Ainda que seja risível se deparar com as grandes questões psicológicas d’O Cara Lá De Baixo em um sofá-divã, a construção do personagem, um típico bad boy que arranca suspiros, é parte de uma antiga tradição de sucesso da ficção, de onde Lúcifer não só bebe, como faz uma atualização.
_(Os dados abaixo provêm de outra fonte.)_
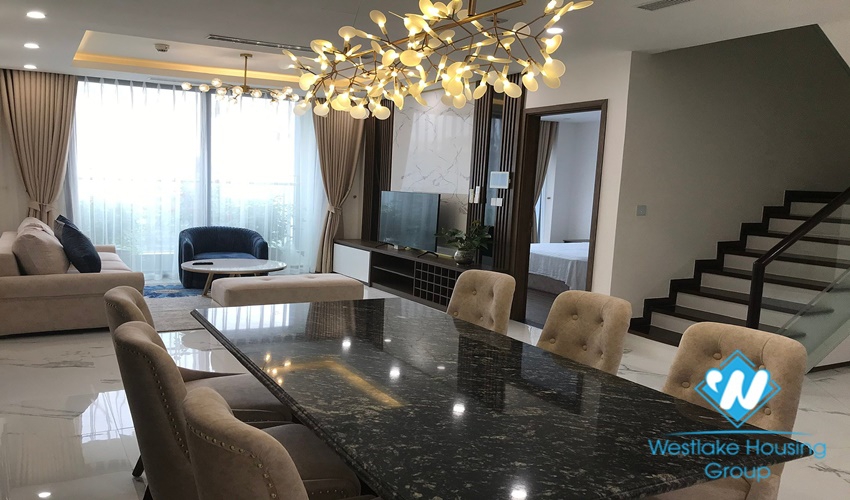 Two-storey apartment with four bedrooms, fully furnished, new furniture, Sunshine City for rent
Não à toa, a série, que recentemente lançou sua quinta e última temporada, lhe rendeu um sólido posto na liderança do Top 10 da Netflix.
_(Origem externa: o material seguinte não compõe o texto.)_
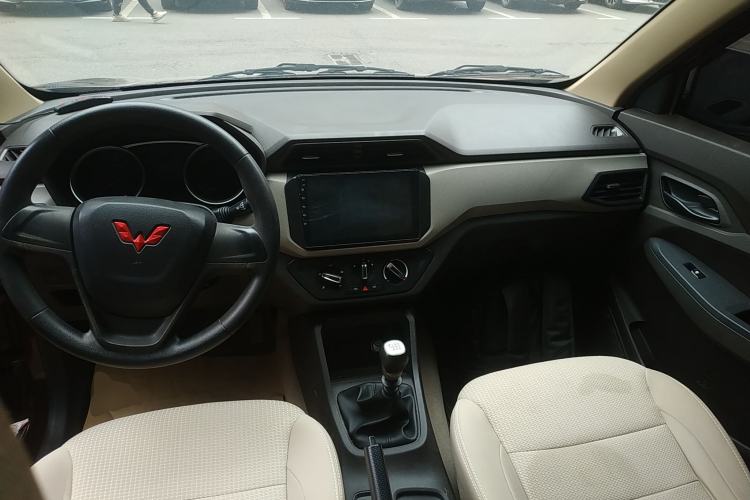 Used Wuling Hongguang 2021 1.5L Revised S Standard Version with Electric Power Steering LAR Center Console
Reinando no legado deixado por James Dean, o Jim Stark de Juventude Transviada (1955), e Marlon Brando, de Uma Rua Chamada Pecado (1951), Lúcifer conserva algumas das características cunhadas pelos bad boys das antigas: tem a língua afiada, é desvairado, mulherengo, pouco pensava em compromisso até conhecer a pessoa certa.
Mas, mais do que isso, faz parte de uma nova safra de personagens que se esforça para colocar o homem mau, pero no mucho, em sintonia com os novos tempos. São estes os que desceram das motocicletas descoladas e roupas de couro para darem passos em direção ao que é cada vez mais fictício. Bilionários sádicos, como Christian Grey de Cinquenta Tons; vampiros, caso de Edward de Crepúsculo; e até alguns que nem deveriam causar suspiros, como o psicopata Joe, da série Você; entram na lista de pares românticos recentes da ficção que atraem o público, justamente por terem traços tão mirabolantes que só são encantadores por causa das lentes da ficção.
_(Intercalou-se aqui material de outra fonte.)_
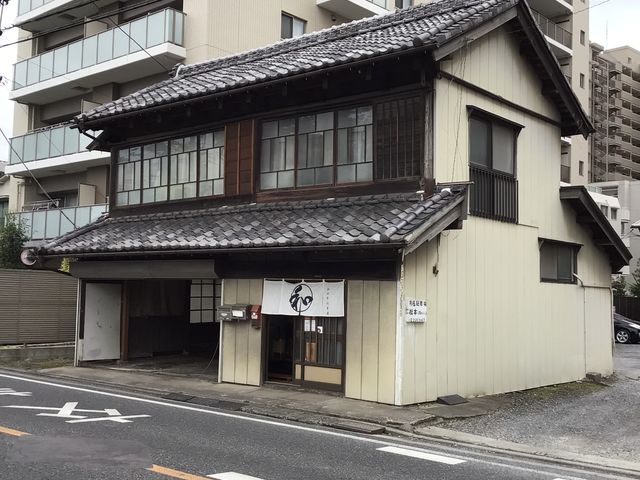 築70年以上の日本家屋を利用したテラスハウス。_和の手仕事屋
O mesmo vale para Lúcifer, o epítome da maldade: um rapaz bonito, de corpo esculpido e britânico no senso de humor e no sotaque, é muito mais palatável do que a típica e assustadora criatura vermelha, que curte um enxofre e tem chifres pontiagudos.
A quem a narrativa bíblica escapa, vale explicar que Lúcifer é um anjo criado por Deus, banido dos Céus para comandar o Inferno. Na série, inspirada nos quadrinhos de Neil Gaiman, ele se entediou com a vida infernal milenar e fez uma mudança irônica para Los Angeles – a Cidade dos Anjos –, onde conheceu Chloe Decker e entrou para o mundo dos justiceiros. Completamente caído pela moça, se esforça para provar que é mais que seu lado diabólico e que merece uma chance no amor. Romantizar o que é desagradável faz parte do pacote do bad boy.
Lúcifer, Christian Grey e Edward Cullen, entre outros queridos bad boys recentes da ficção, caminham do lado legal da linha que separa crime de desvio de caráter – ao contrário do assassino da série Você, e do sequestrador e abusador Massimo Torricelli, do longa 365 DNI. Apesar de ser o diabo em pessoa, Lúcifer, carinhosamente apelidado de Lúci, segue uma bússola moral, que é ainda mais atraente quando a máscara de vilania cai para revelar um rostinho bonito, e disposto a mudar, por trás. Está aí a mágica da ficção.